## PROBLEM TO SOLVE
The required output is an exact restatement of the lines, starting with the one that contains "Mehrere gehäkelte kleine" and finishing with the last line of the listing. It contains no pictures.
---+---
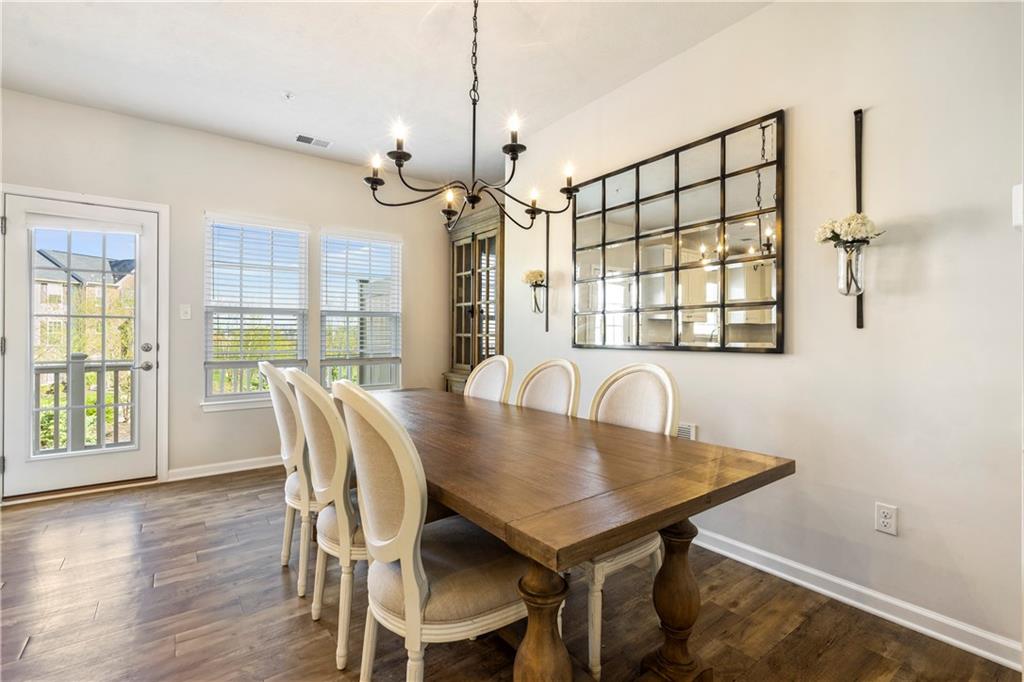 104 Pointe View Drive Mars, PA 16046 - Photo 12 of 25 a view of a dining room with furniture a chandelier and wooden floor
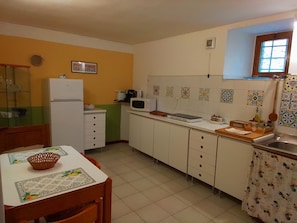 Une cuisine de taille réduite équipée d’un réfrigérateur, d’un four à micro-ondes et d’un plan de travail recouvert de carreaux.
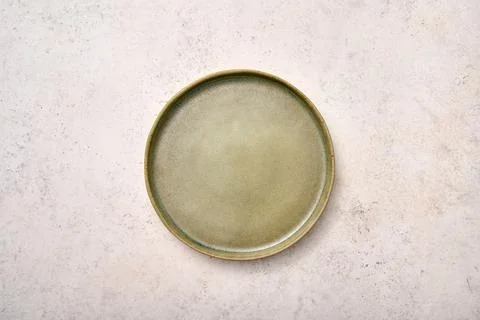 Empty green rustic ceramic plate on light textured marble background Stock Photos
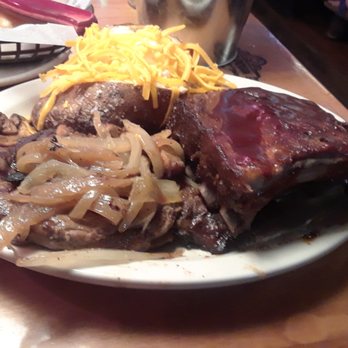 Texas Roadhouse - steak smothered in onions and mushrooms with a side of ribs and a baked potato - Steakhouses Near Me - Macon, Georgia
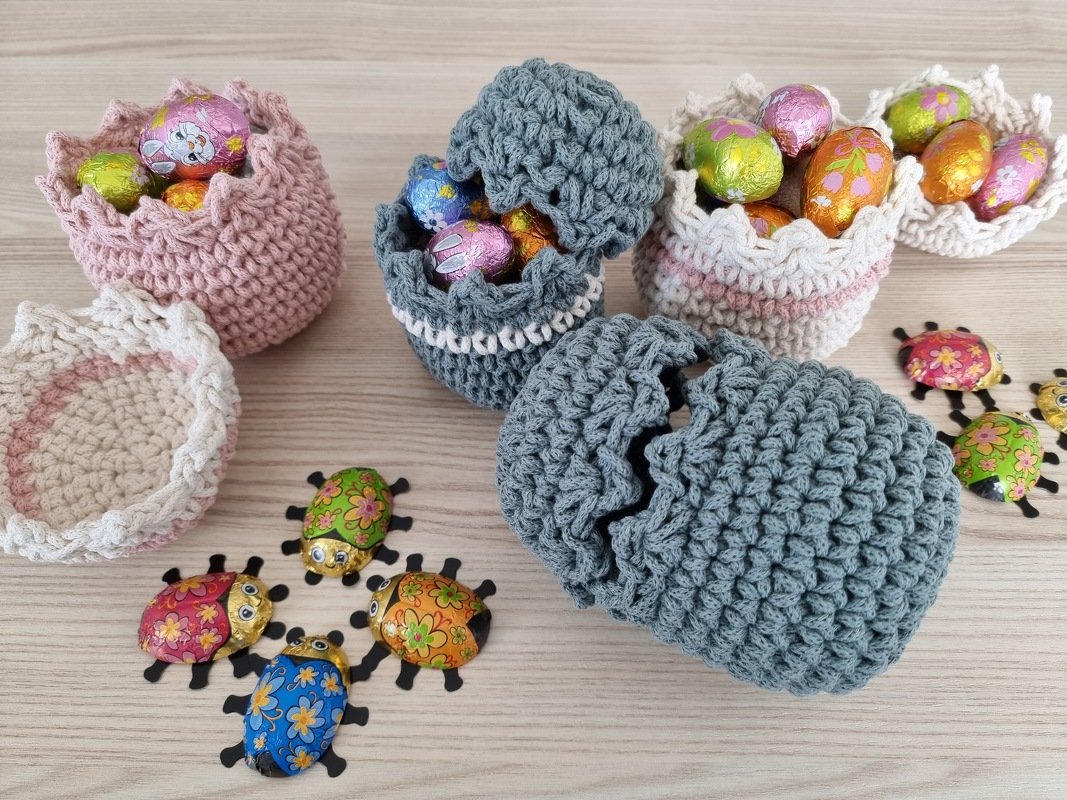Mehrere gehäkelte kleine Körbchen in Rosa, Hellbeige und Grau, gefüllt mit bunten Schokoladeneiern und Schokoladen-Marienkäfern auf hellem Holztisch.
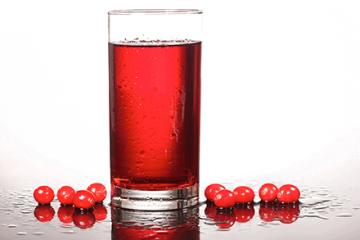 Cranberries next to a glass of cranberry juice. 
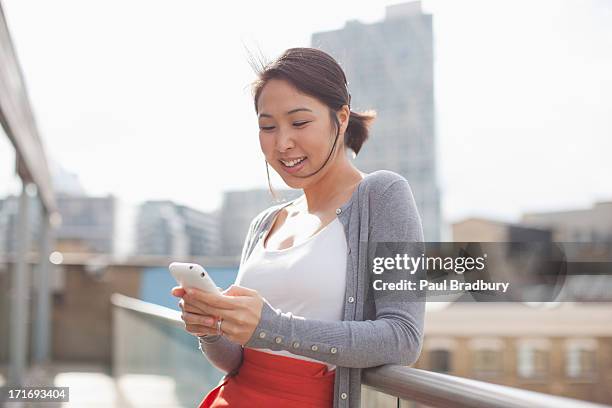 smiling businesswoman text messaging with cell phone on urban balcony - mobile phone reading low angle stock pictures, royalty-free photos & images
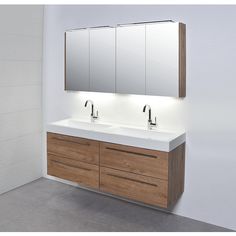 a bathroom vanity with two sinks and mirrors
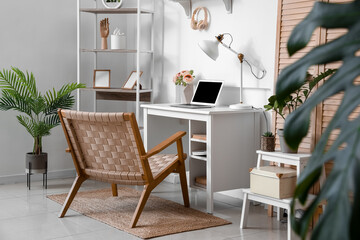 Interior of light office with modern workplace and shelving unit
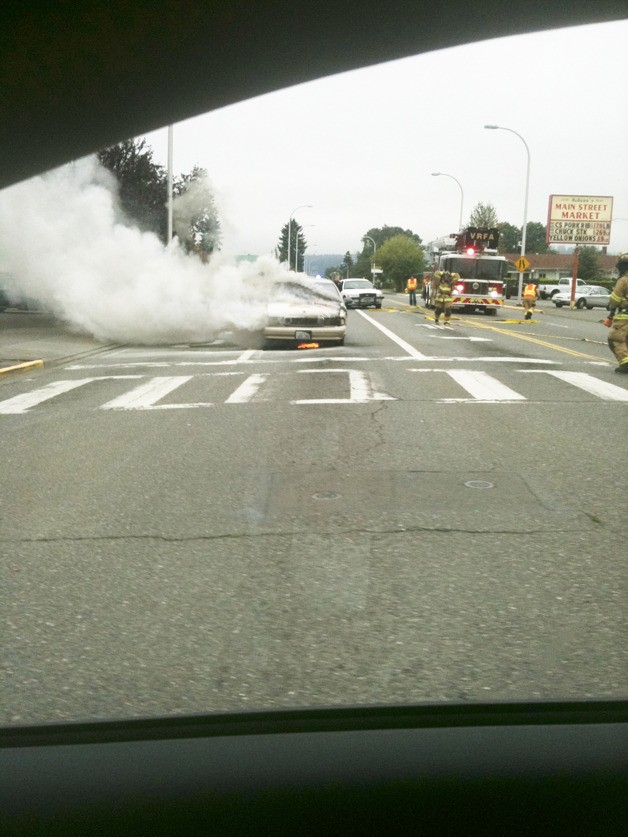 Smoke billows from a car as VRFA firefighters work to contain the fire Wednesday morning in Auburn. The driver was not hurt. Passerby Jason Brozovic caught this image from his cell phone.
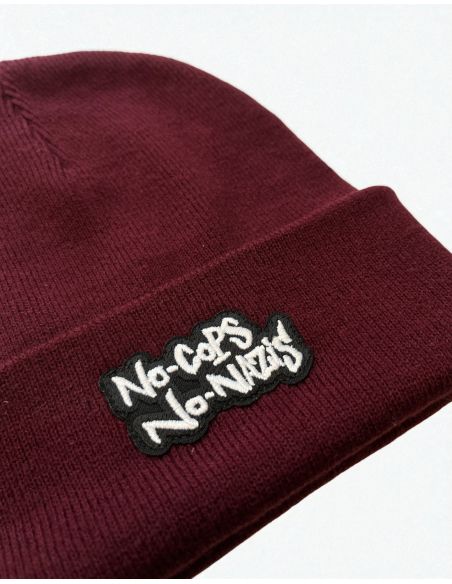 ncnn-mob-action-beanie-patch-burgundy-detail ncnn-mob-action-beanie-patch-burgundy-detail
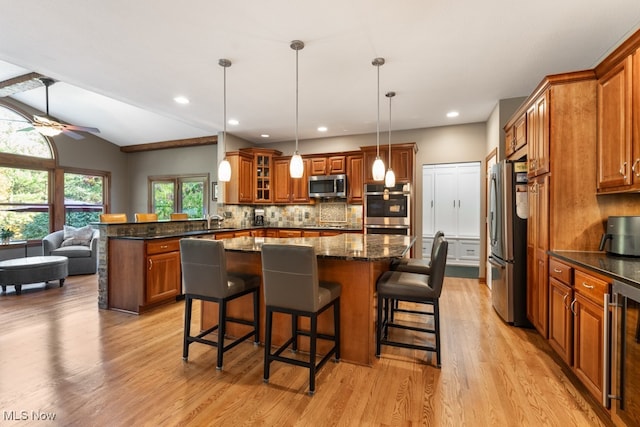 kitchen featuring appliances with stainless steel finishes, light hardwood / wood-style flooring, a breakfast bar area, hanging light fixtures, and lofted ceiling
---+---
## OUTPUT FOR THIS TASK
Mehrere gehäkelte kleine Körbchen in Rosa, Hellbeige und Grau, gefüllt mit bunten Schokoladeneiern und Schokoladen-Marienkäfern auf hellem Holztisch.
 Cranberries next to a glass of cranberry juice. 
 smiling businesswoman text messaging with cell phone on urban balcony - mobile phone reading low angle stock pictures, royalty-free photos & images
 a bathroom vanity with two sinks and mirrors
 Interior of light office with modern workplace and shelving unit
 Smoke billows from a car as VRFA firefighters work to contain the fire Wednesday morning in Auburn. The driver was not hurt. Passerby Jason Brozovic caught this image from his cell phone.
 ncnn-mob-action-beanie-patch-burgundy-detail ncnn-mob-action-beanie-patch-burgundy-detail
 kitchen featuring appliances with stainless steel finishes, light hardwood / wood-style flooring, a breakfast bar area, hanging light fixtures, and lofted ceiling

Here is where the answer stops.